● **TASK GOAL**
Produce an exact transcription of the data, with the images left out.

● **DATASET EXTRACT**
########

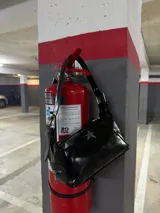 Bolso de hombro negro de charol, con forma alargada y cierre principal con cremallera. Presenta un dije metálico con forma de estrella de cuatro puntas en el frente y detalles de cremalleras decorativas en los laterales.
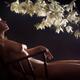 Sensual nude portrait of a beautiful naked woman reclining relaxed in... (thumbnail)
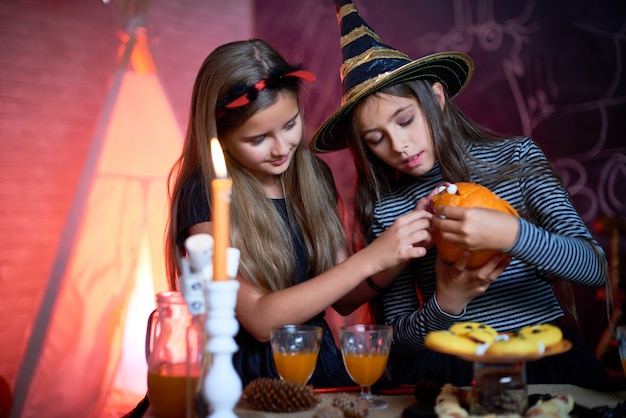 Chicas guapas haciendo calabaza tallada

########

● **ANSWER TO THE PROBLEM**
 Bolso de hombro negro de charol, con forma alargada y cierre principal con cremallera. Presenta un dije metálico con forma de estrella de cuatro puntas en el frente y detalles de cremalleras decorativas en los laterales.
 Sensual nude portrait of a beautiful naked woman reclining relaxed in... (thumbnail)
 Chicas guapas haciendo calabaza tallada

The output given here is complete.